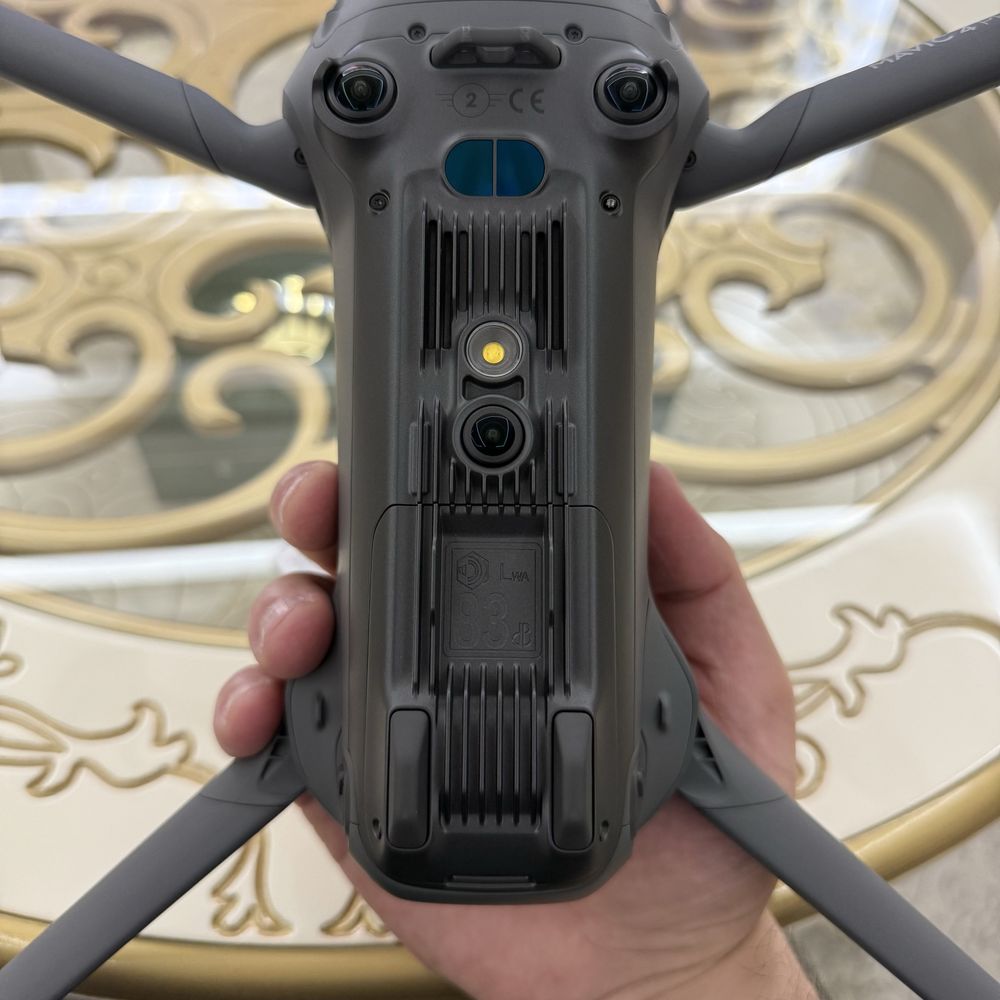 Дрон DJI Mavic 4 Pro Creator Combo (DJI RC Pro 2)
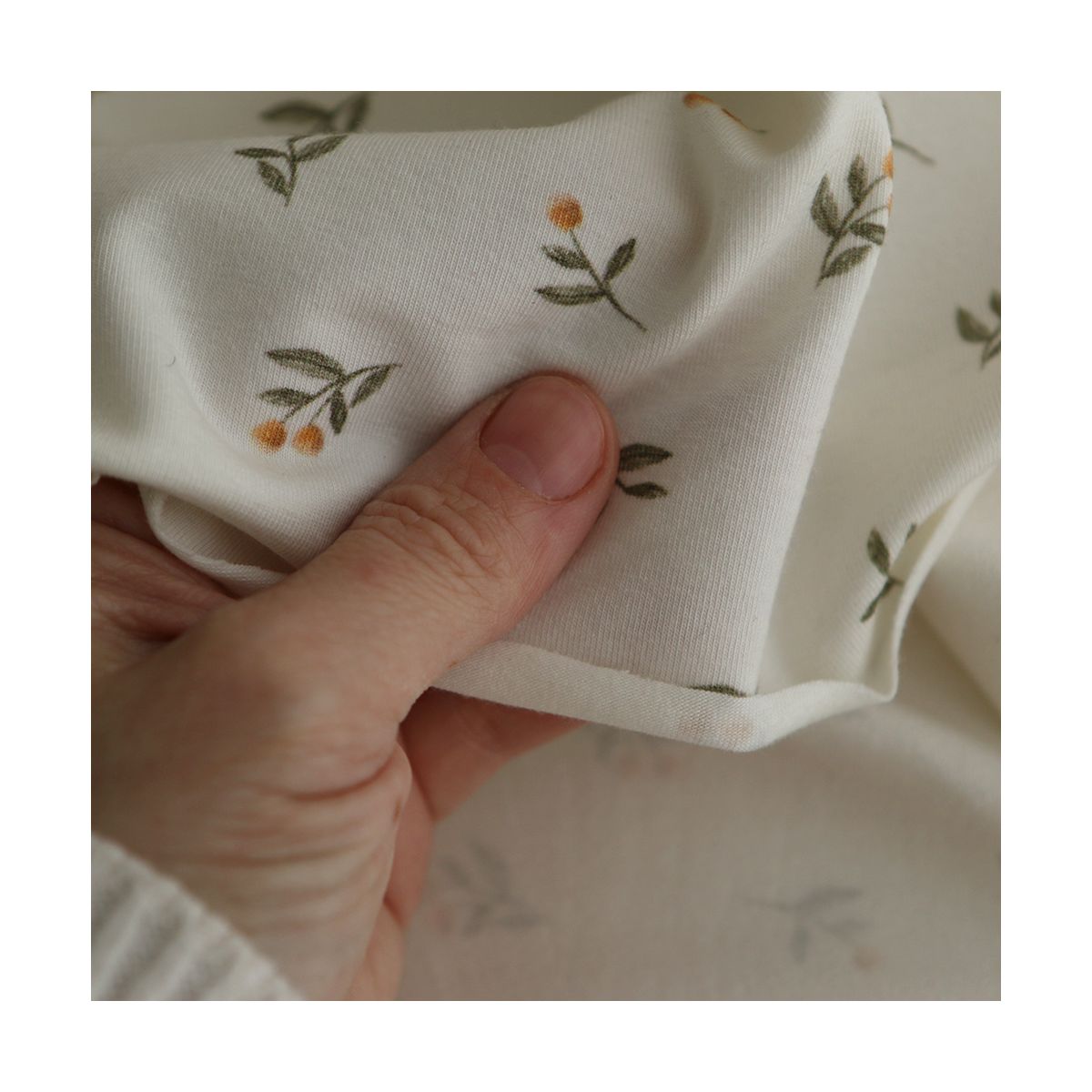 copy of Jersey coton à motif forêt ours brun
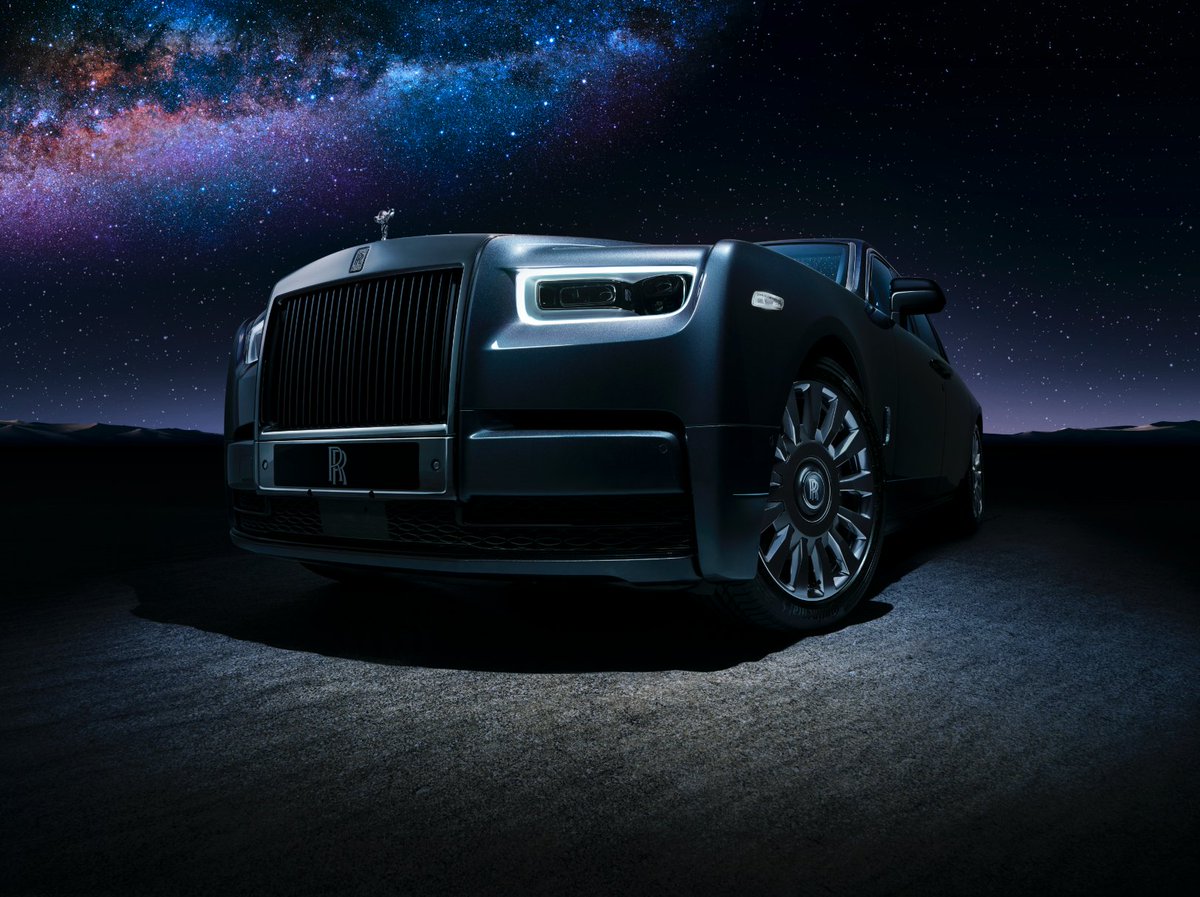 The interior of #RollsRoyce #PhantomTempus is a space where time is put on hold.

#PhantomTempus #BespokeIsRollsRoyce #InspiringGreatness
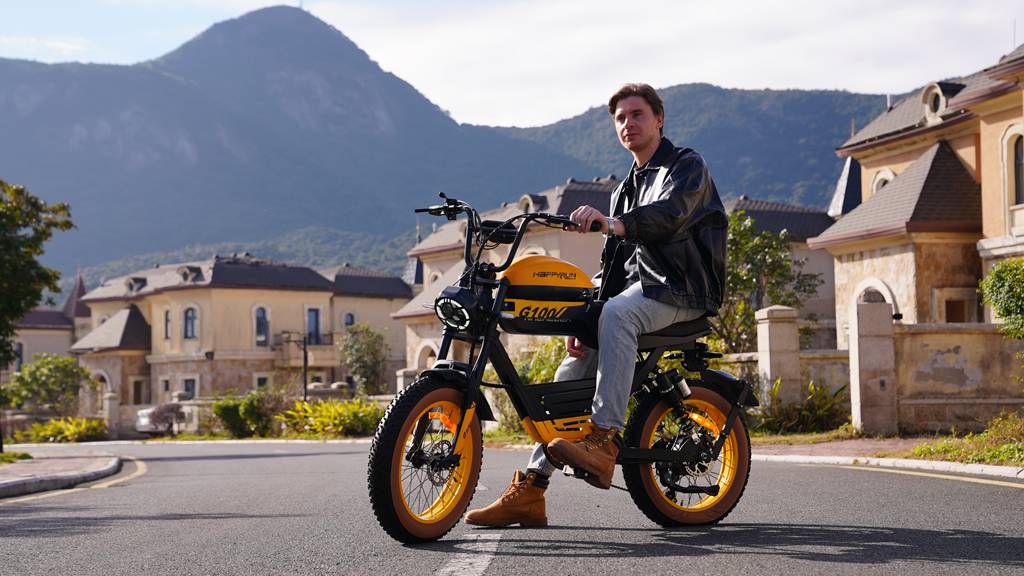 How Far Can You Actually Travel On An Electric Motorcycle?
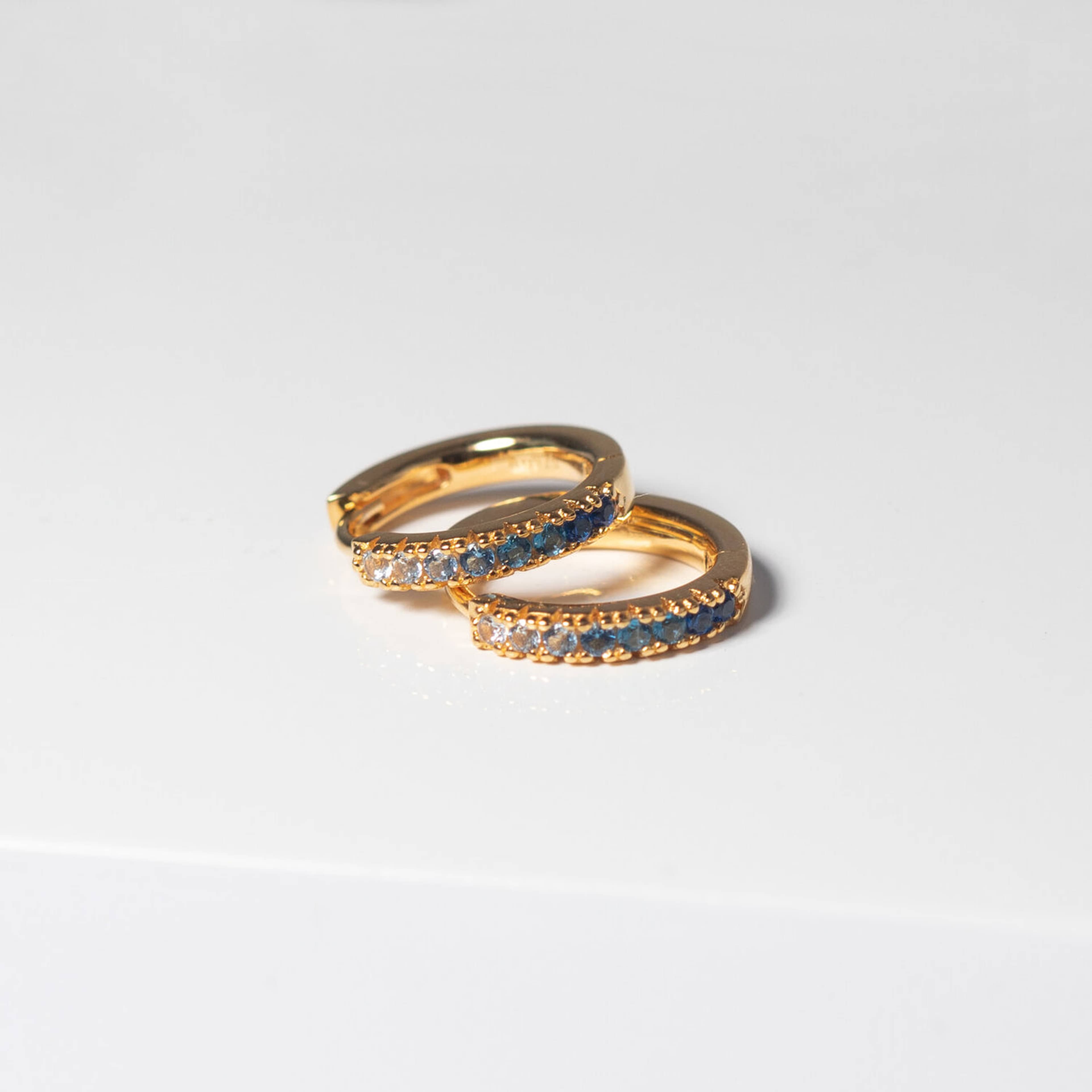 Örhänge Ellera Medio, från Sif Jakobs Jewellery, i färgen blue gradient/ gold. Klicka för att öppna bilden i stort format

DIRECTIONS: Type the entries above out again exactly, with no pictures.

OUTPUT:
 Дрон DJI Mavic 4 Pro Creator Combo (DJI RC Pro 2)
 copy of Jersey coton à motif forêt ours brun
 The interior of #RollsRoyce #PhantomTempus is a space where time is put on hold.

#PhantomTempus #BespokeIsRollsRoyce #InspiringGreatness
 How Far Can You Actually Travel On An Electric Motorcycle?
 Örhänge Ellera Medio, från Sif Jakobs Jewellery, i färgen blue gradient/ gold. Klicka för att öppna bilden i stort format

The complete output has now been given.